Snow Leopard is fully 64-bit, along with a number of the included applications. Moving from 32-bits to 64 means that the addressable memory space is increased to almost 16 billion GB of RAM. This ungodly number means that you do not have to worry about software limiting the amount of RAM that can be used. In the short term, we still have to live with the hardware limits of Macintosh computers, but these will improve over time (as the new MacBook Pro’s demonstrate with an increase to 8GB RAM). And 64-bit goodness also means that some instructions will actually get processed faster on the 64-bit CPU’s that all Macs are built on. More interesting than the RAM limits of incremental performance gains, the new 64-bit memory allocation routines in Snow Leopard are also more secure and less prone to injection attacks.
Grand Central Dispatch (mentioned above as being supported in the new Finder) is a game-changing technology that works to efficiently distribute computing tasks among all available processors. For the last few years, increases in CPU clock speeds have been downplayed compared to increasing the number of cores available on a single chip.

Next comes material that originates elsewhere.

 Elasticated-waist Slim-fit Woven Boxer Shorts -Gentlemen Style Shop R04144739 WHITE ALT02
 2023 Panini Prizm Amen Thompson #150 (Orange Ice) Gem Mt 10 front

Every Mac now has at least two cores, and some Mac Pros have 16. In the next year or so clock speeds will continue to hang in the 2.2-3.0GHz region, but the standard number of cores should increase to four and Mac Pros may go beyond 16. GCD is a software layer that developers can take advantage of in their applications to help schedule tasks across all these cores. If Snow Leopard can do this better than Windows 7, and developers choose to utilize the technology, then this could open a serious performance gap between the Mac platform and PC’s running the exact same hardware.

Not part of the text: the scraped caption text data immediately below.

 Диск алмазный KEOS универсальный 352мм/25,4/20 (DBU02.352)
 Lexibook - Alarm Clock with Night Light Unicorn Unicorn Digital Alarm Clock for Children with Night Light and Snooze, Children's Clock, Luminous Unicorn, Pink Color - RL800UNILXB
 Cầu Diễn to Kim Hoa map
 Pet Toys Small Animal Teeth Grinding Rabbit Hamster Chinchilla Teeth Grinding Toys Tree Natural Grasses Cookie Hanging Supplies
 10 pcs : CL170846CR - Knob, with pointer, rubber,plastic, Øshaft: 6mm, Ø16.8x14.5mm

OpenCL is another new technology meant to better harness the raw hardware power that is already in your Mac. Today’s video cards or graphics processing units (GPUs) are capable of performing calculations for 3D graphics and modeling at an amazing pace. OpenCL is an attempt to let developers harness that power for use in other applications beyond drawing thousands of polygons on screen with fancy textures. Again, if developers take advantage of OpenCL, then Mac applications may run noticeably faster on Snow Leopard than on the same hardware running Leopard or Windows.
The third piece of today’s announcement is the inclusion of Exchange support directly in Mac applications like Mail, iCal, and Address Book. Apple licensed the Exchange technology for the iPhone, which helped that device make inroads into corporate IT environments. Now that same technology is being baked into Mac OS X so that Mac users can integrate more easily with their corporate infrastructure.

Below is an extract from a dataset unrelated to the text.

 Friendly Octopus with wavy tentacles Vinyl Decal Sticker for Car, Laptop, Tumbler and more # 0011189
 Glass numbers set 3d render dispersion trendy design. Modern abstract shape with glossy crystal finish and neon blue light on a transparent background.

Setup was demonstrated to be quick and easy using auto-discovery of Exchange services and applications were then immediately aware of your accounts and resources on Exchange. You can continue to drag-and-drop people onto iCal calendars to make appointments and so on. Many people will appreciate that you can blend your personal and business information in one interface by seeing both personal calendars and Exchange calendars or personal contacts in Address Book alongside the Global Address List from Exchange.
In my opinion, the new Exchange support is going to do more for bringing the Mac OS into the workplace than Intel processors, Active Directory integration, virtualization, and the iPhone have accomplished in the last several years.
Pricing & Availability
Snow Leopard will be available in September for $129. Special pricing is available to current Leopard users who can buy the new release for the very modest price of $29 for a single user or $49 for a family pack. If you buy a new Mac with Leopard today, you will be eligible for the Snow Leopard Up-To-Date program, which is only $9.95.
With this sort of pricing, I don’t see any reason not to upgrade to Snow Leopard. I’ll be waiting in line myself.